Indeed, many global bank analysts are looking increasingly to emerging markets, where earnings growth potential looks particularly strong, or to Europe, where P/E valuations look particularly cheap. North America, where P/Es are relatively high, the economy is slowing, interest rates look poised to fall and earnings growth is slowing, has fallen out of favour.

In a new report from UBS Ltd., global banking analyst Philip Finch has assigned an "underweight" recommendation to both Canada and the United States -- the only regions receiving the investment bank's lowest rating.

The key issue with the Canadian banks is their valuation, which is running at almost 14 times their forecast 2007 earnings, compared with about 12 times for global banks as a whole. Banking stocks in Britain (10.3 times), Europe (11 times), emerging markets (11.8 times) and the United States (11.8 times) all offer better bargains.

"The valuations [in Canada] are getting pretty stretched," said Mr. Webster, noting that the typical P/E range for Canadian banks has historically been about 10 to 12 times.

A sector rotation away from cyclical stocks and into traditional safe havens has contributed to the strong performance of Canadian bank stocks in the second half of this year. But what pushed Canada's banks over the top was the exodus from the Canadian income trust sector, triggered by the federal government's Oct. 31 announcement that it planned to start taxing trusts' cash distributions. With investors looking for income-generating investments to replace the income from their trust holdings, they turned to other high-dividend sectors, and the banks were prime beneficiaries. The banking group is up more than 5 per cent since the trust tax announcement.
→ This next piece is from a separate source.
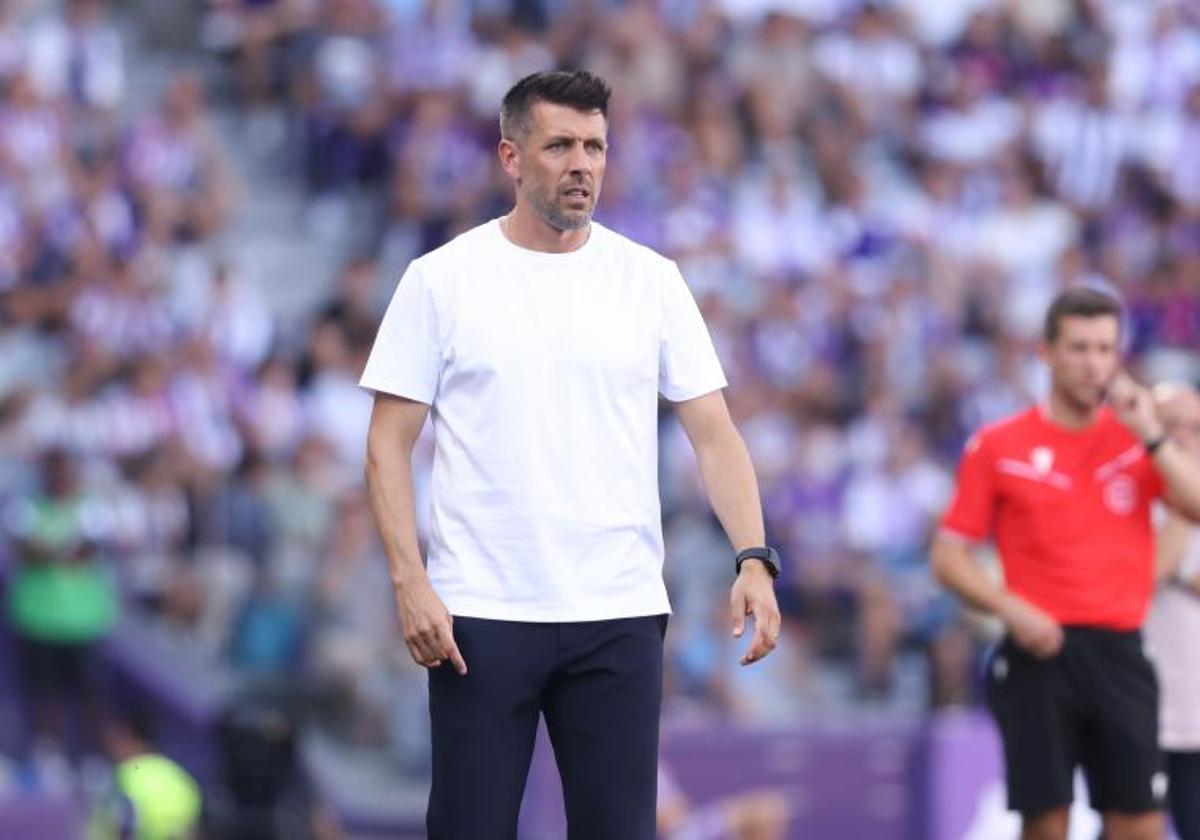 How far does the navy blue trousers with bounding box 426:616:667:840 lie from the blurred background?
563 cm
"We have a tough time justifying the relative valuation [compared with foreign banks]," said Martin Roberge, portfolio strategist at Montreal-based investment bank Versant Partners Inc.

Mr. Roberge said the relative valuations of Canadian versus foreign banks are at odds with their growth profiles. Profits at the Canadian banks are only expected to grow about 7 per cent next year -- "probably the first time in a decade that earnings growth will be single-digit" -- below the global average of about 8.5 per cent. In Britain and Europe, where bank stocks are trading at the cheapest multiples of any major global region, earnings are expected to grow about 9 per cent; in emerging markets, they are forecast to grow more than 20 per cent.

Sandstone's Mr. Webster points out that the cheapest PEG ratios -- a measure of stock value that takes growth into account by dividing the P/E to the annual percentage earnings growth -- are in Latin America and Europe, while Canadian banks carry some of the highest PEGs.

Those sorts of numbers explain why UBS's Mr. Finch doesn't have any Canadian banks on his global recommended list, which is dominated by European names, with a smattering of representation from emerging markets.

The list includes just one U.S. bank, Goldman Sachs.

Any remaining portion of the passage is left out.